*** Block opens ***

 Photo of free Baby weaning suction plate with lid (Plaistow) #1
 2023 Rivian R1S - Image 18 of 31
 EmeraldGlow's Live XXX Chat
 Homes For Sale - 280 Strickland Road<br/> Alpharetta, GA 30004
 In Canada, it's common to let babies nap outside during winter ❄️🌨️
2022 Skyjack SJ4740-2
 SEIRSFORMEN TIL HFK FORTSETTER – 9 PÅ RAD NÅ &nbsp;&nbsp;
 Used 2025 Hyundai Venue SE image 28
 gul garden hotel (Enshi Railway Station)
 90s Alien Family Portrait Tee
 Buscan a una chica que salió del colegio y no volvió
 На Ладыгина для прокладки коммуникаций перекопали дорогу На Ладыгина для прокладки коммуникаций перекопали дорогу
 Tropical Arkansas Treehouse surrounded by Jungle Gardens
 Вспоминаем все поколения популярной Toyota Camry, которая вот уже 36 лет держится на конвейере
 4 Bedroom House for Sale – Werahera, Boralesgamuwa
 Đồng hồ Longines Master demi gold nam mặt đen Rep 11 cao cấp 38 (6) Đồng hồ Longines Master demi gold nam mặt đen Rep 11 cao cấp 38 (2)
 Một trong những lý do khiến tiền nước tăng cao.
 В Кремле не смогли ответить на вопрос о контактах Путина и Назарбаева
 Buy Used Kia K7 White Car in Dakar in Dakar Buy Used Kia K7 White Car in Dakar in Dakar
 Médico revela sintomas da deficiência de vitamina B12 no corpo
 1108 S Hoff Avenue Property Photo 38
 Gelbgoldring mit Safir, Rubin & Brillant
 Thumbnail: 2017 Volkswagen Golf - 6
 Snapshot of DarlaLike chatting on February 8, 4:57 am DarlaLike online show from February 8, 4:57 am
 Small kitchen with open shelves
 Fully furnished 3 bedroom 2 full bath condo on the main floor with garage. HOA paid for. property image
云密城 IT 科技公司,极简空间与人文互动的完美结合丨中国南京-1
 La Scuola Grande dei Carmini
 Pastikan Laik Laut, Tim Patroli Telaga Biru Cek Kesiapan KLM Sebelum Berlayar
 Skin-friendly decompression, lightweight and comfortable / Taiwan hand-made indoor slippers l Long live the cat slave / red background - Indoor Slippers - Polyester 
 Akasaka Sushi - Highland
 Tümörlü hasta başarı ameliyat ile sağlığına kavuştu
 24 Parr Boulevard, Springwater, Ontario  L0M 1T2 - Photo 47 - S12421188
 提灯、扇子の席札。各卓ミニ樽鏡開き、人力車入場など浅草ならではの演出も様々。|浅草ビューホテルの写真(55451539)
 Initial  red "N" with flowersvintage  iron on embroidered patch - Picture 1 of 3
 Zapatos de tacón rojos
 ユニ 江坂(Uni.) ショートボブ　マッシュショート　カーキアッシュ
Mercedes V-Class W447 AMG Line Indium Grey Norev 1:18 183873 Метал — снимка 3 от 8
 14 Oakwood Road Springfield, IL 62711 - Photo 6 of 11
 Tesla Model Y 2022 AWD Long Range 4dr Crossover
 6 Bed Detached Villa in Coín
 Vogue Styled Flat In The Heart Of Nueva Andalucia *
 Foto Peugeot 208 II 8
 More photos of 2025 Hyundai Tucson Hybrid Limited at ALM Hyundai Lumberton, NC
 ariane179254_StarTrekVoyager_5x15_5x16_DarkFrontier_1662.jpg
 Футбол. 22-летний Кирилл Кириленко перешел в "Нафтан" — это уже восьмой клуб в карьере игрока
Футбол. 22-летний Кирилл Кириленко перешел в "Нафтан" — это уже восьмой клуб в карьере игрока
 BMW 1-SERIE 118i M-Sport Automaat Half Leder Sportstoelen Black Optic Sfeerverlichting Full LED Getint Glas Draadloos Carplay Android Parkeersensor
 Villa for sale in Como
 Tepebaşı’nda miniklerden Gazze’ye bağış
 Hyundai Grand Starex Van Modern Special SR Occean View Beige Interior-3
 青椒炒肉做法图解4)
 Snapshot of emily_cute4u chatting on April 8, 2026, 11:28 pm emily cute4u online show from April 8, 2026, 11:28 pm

*** Block closes ***

(Work task) Lines above with the string "Кириленко" need to be found and copied.

(Answer to the exercise)
 Футбол. 22-летний Кирилл Кириленко перешел в "Нафтан" — это уже восьмой клуб в карьере игрока
Футбол. 22-летний Кирилл Кириленко перешел в "Нафтан" — это уже восьмой клуб в карьере игрока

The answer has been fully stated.